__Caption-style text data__
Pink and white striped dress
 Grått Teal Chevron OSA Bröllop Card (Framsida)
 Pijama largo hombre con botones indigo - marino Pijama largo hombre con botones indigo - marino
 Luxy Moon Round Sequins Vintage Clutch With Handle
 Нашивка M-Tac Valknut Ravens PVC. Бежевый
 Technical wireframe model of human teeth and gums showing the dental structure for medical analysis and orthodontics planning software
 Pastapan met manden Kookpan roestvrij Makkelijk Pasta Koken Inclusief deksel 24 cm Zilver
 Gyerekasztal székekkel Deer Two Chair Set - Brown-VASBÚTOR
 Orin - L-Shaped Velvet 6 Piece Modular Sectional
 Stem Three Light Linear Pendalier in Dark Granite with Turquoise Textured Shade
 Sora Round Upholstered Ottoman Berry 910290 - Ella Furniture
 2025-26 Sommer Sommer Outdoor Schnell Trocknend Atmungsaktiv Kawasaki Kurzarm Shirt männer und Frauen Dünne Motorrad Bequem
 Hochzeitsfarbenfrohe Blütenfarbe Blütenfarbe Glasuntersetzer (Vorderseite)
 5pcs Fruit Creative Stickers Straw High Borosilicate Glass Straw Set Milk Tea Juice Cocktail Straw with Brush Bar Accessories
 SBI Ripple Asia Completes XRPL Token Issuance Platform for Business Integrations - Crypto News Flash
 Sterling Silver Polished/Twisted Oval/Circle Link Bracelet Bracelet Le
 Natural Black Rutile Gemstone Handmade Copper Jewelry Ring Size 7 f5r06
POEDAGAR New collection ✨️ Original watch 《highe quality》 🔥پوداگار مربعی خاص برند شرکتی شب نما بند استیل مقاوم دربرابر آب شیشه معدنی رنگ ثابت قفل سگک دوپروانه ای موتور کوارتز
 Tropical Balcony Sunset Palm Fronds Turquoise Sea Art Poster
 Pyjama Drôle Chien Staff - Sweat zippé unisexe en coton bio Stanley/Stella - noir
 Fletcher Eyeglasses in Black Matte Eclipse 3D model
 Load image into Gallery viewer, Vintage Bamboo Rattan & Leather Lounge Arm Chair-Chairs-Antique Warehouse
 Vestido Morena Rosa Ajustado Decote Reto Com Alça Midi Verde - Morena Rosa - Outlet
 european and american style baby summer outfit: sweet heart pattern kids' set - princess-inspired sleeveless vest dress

__REQUIRED WORK__
Determine the number of lines in the data above that hold "Chair", and reply with that number alone.

__ANSWER BOX__
2